Case Information
*1 UNITED STATES DISTRICT COURT FOR THE EASTERN DISTRICT OF CALIFORNIA ERNESTO LIMON, an individual, on No. 1:18-cv-01689-SKO behalf of himself and others similarly
situated,
Plaintiff, ORDER DENYING DEFENDANT’S MOTION FOR SUMMARY JUDGMENT OR, v. IN THE ALTERNATIVE, PARTIAL SUMMARY JUDGMENT CIRCLE K STORES INC., and DOES 1
through 50, inclusive, (Doc. 27)
Defendants.
This matter is before the Court on Defendant Circle K Stores, Inc. (“Circle K”)’s motion for summary judgment or, in the alternative, partial summary judgment, filed November 20, 2019. (Doc. 27.) Plaintiff Ernesto Limon filed his opposition to the motion on December 4, 2019 (Doc. 33), and Circle K filed its reply on December 11, 2019. (Doc. 34.) The Court reviewed the parties’ papers and all supporting material and found the matter suitable for decision without oral argument pursuant to Local Rule 230(g). The hearing set for December 18, 2019, was therefore vacated. (Doc. 35.)
Having considered the parties’ briefing, and for the reasons set forth below, the Court shall deny the motion.
///
I. BACKGROUND
A. Factual Background
On June 21, 2018, Plaintiff completed a Circle K Employment Application. (Doc. 33-1, Statement of Undisputed Material Facts (“SUMF”) at 3; Doc. 27-4, Deposition of Ernesto Limon (“Limon Dep.”), Ex. 4.) In the Application, when asked whether he “[w]ould . . . be willing to submit to a background check, prior to being hired,” Plaintiff checked “yes.” ( Id . at 4; Limon Dep. 86:12–25 and Ex. 4.) Plaintiff testified at his deposition that when he checked “yes” in the employment application, he knew he was informing Circle K of his willingness to submit to a background check prior to being hired. (SUMF at 5; Limon Dep. 87:1–7.)
In conjunction with the Employment Application, Plaintiff also signed a document titled “Fair Credit Reporting Act (FCRA) Consent.” (SUMF at 6; Limon Dep. 89:7–90:12 and Ex. 5.) The FCRA Consent informed Plaintiff that a consumer report containing his credit history, criminal records, education history, and other information would be obtained for employment purposes. (Limon Dep.
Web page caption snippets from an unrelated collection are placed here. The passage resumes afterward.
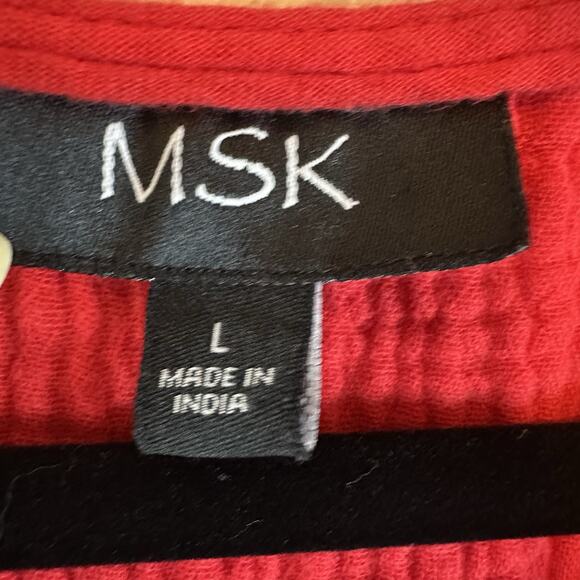 MSK MIDI dress Women’s Cotton Gauzy Size L Red Summer Lightweight Split Flutter - Picture 4 of 7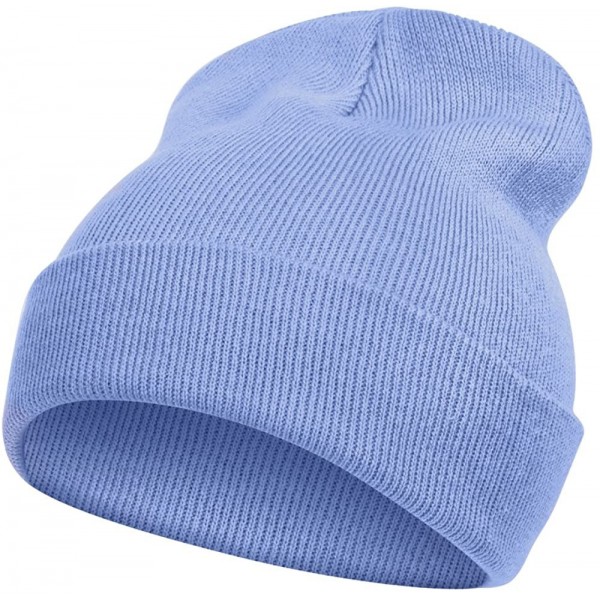 Skullies & Beanies Solid Color Long Beanie - Sky Blue - CC112V0GMW9 $12.64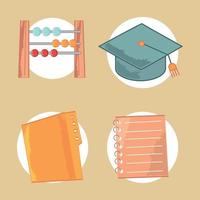 school supplies cartoon vector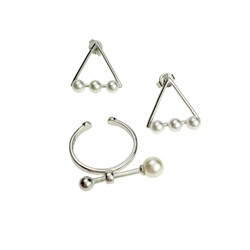 Комплект «Simply» серьги+кольцо 17р-р (с открыткой)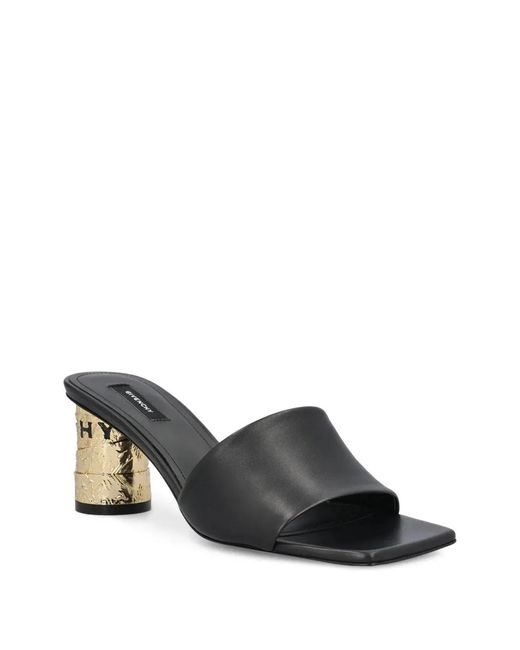 Givenchy Black Tape Heeled Leather Mules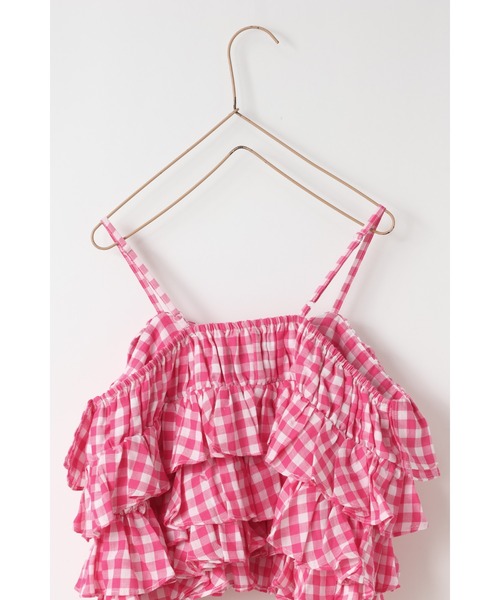 LOWRYS FARM(ローリーズファーム)の「INDIAISフリルキャミ 329871(キャミソール・キッズ・ピンク/ブラック・130cm/120cm/110cm/140cm/150cm)」の5枚目の写真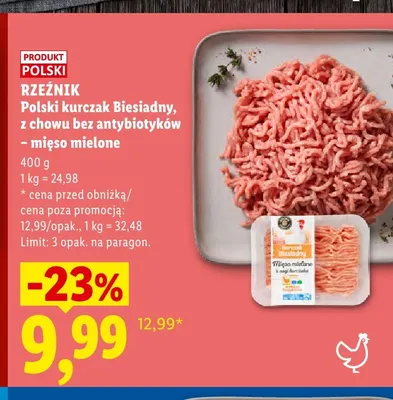 Mięso mielone Rzeźnik Polski kurczak Biesiadny z chowu bez antybiotyków promocja w Lidl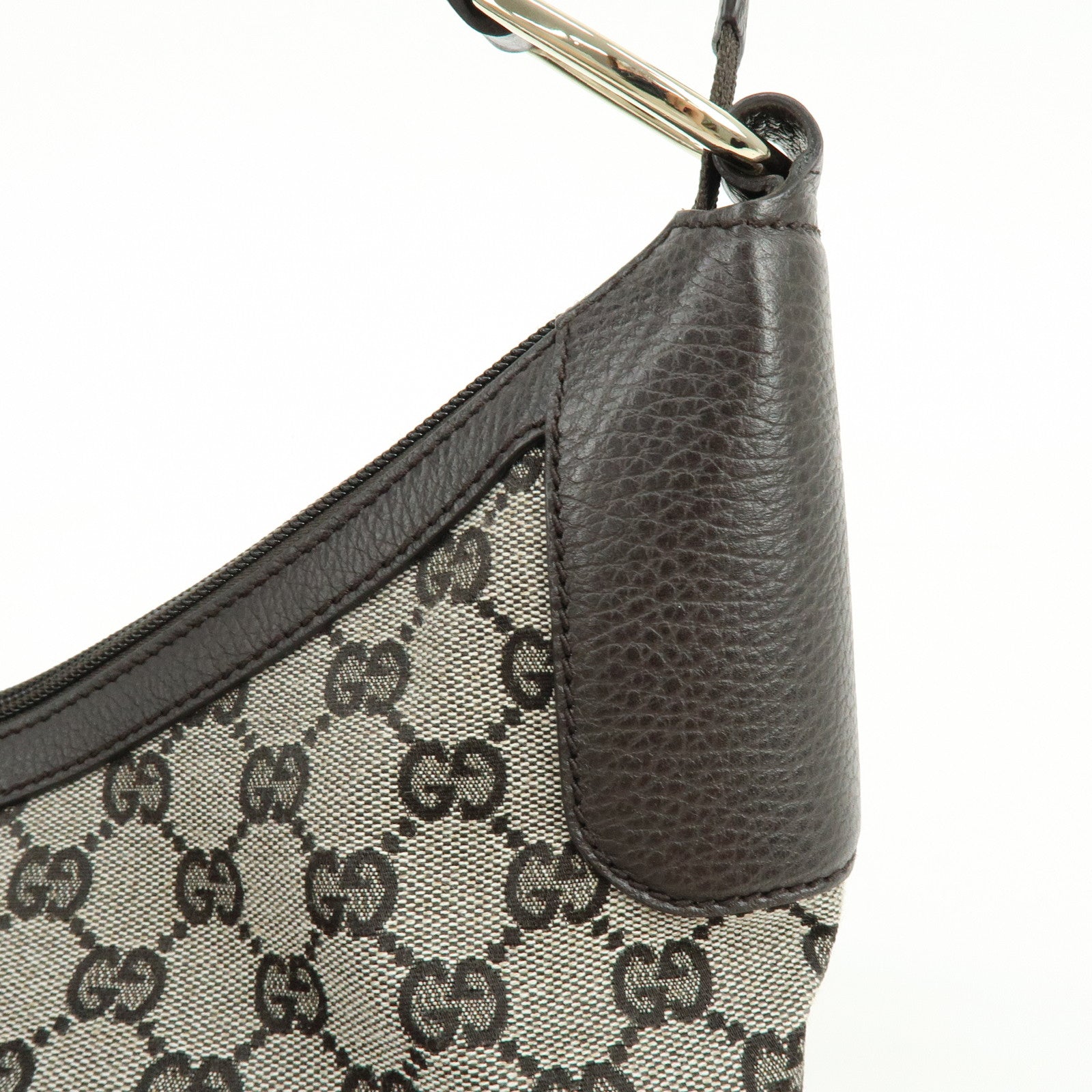 GUCCI GG Canvas Leather Shoulder Bag Dark Brown 257297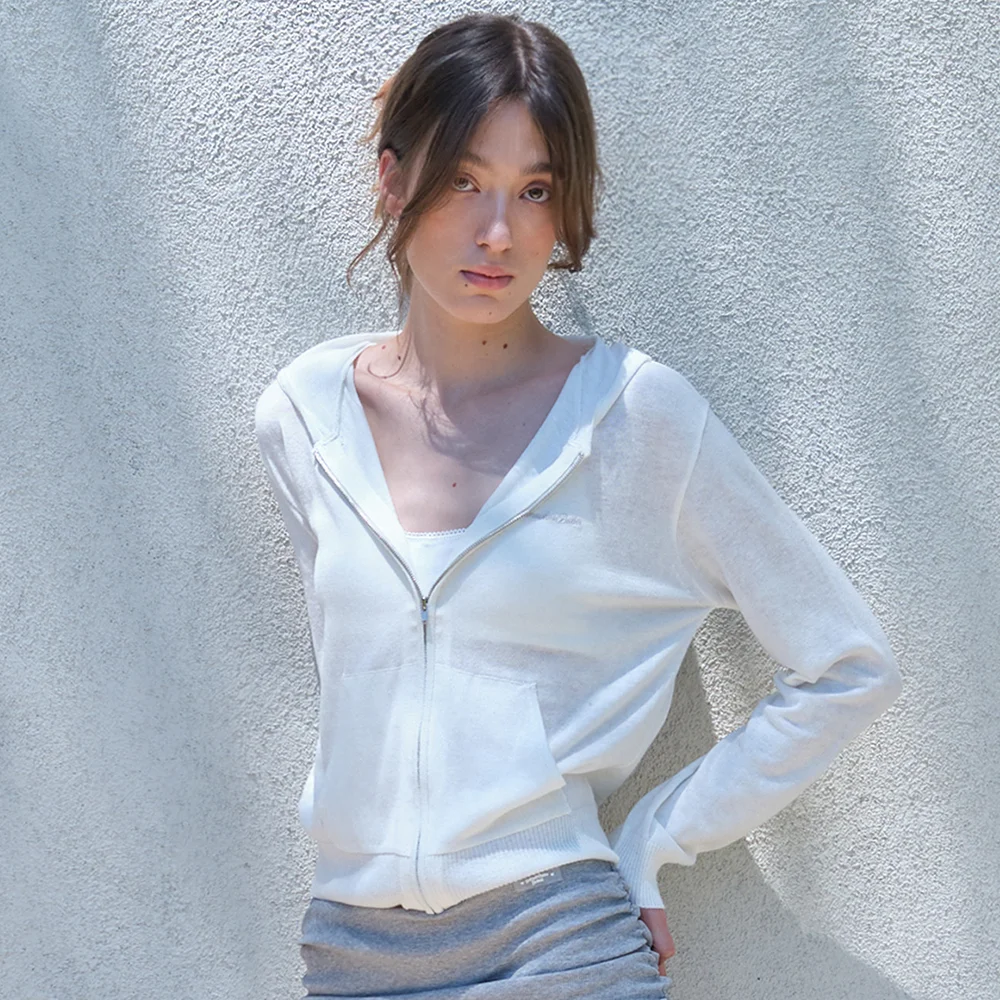 Mate Knit Zip-Up Hoodie - Ivory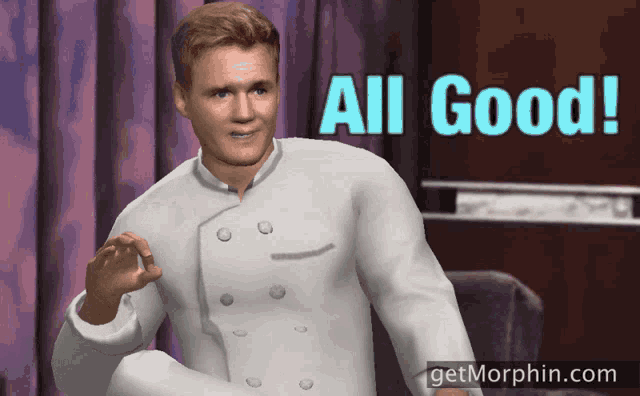 a man in a white chef 's coat is standing in front of a sign that says all good
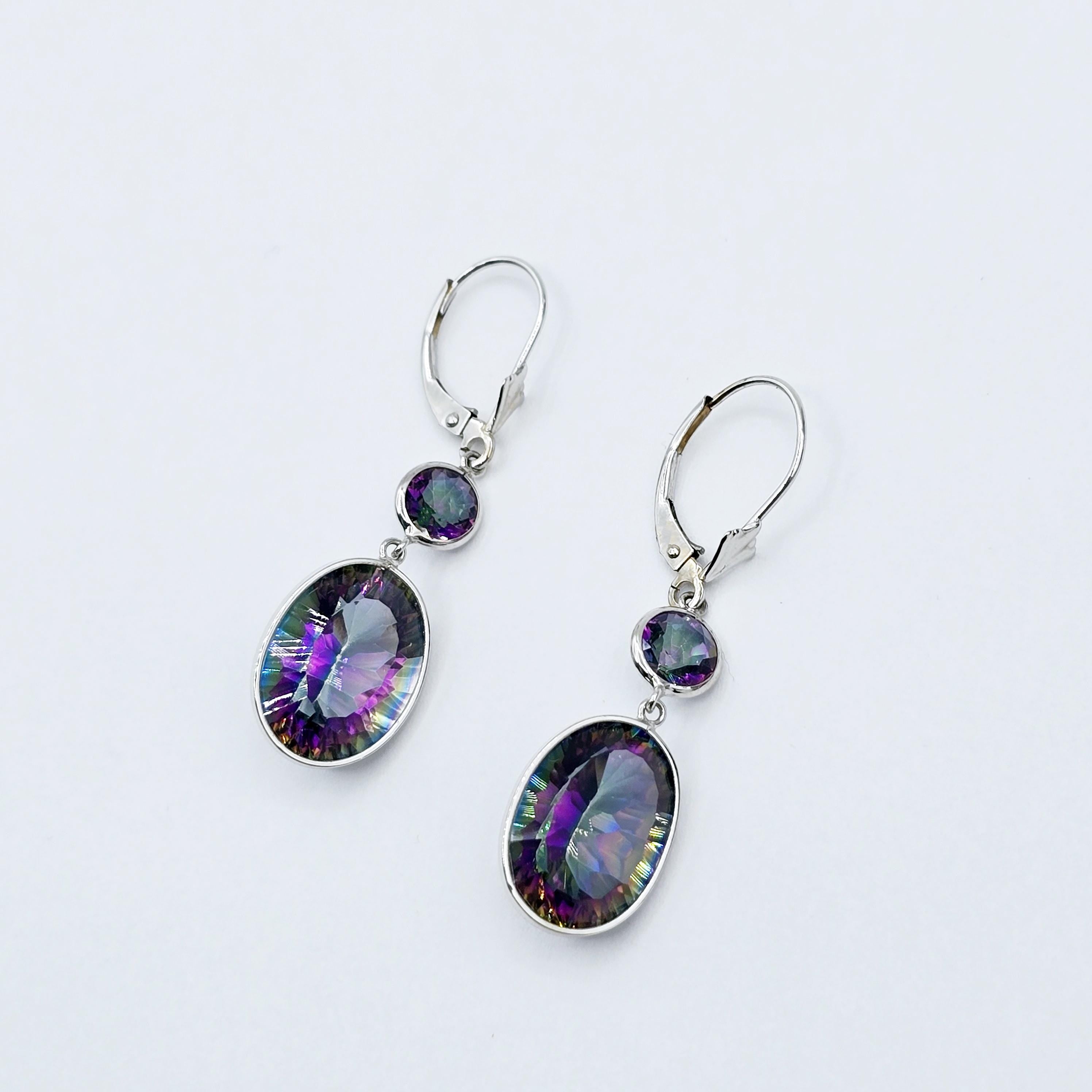 14K White Gold Mystic Quartz Lever Back Drop Earrings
Ex. 5.) The FCRA Consent authorized Circle K to obtain Plaintiff’s consumer report for “legally authorized and mandated purposes.” ( Id .) It also authorized any person or entity contacted by Circle K to provide Plaintiff’s consumer report and released “any such person or entity from liability for furnishing such information.” ( Id .; SUMF at 10.) Plaintiff checked a box on the FCRA Consent confirming his electronic signature on it and his “agreement to [the document’s] use in such manner.” ( Id .; Limon Dep. 89:7–90:12.) He also checked a box on the FCRA Consent to request a copy of the consumer report, and he received a copy of the report on June 28, 2018. ( Id .; Limon Dep. 90:24–92:8 and Ex. 6; SUMF at 9.) Plaintiff was thereafter hired by Circle K as a customer service representative. (Limon Dep. 35:21–22.)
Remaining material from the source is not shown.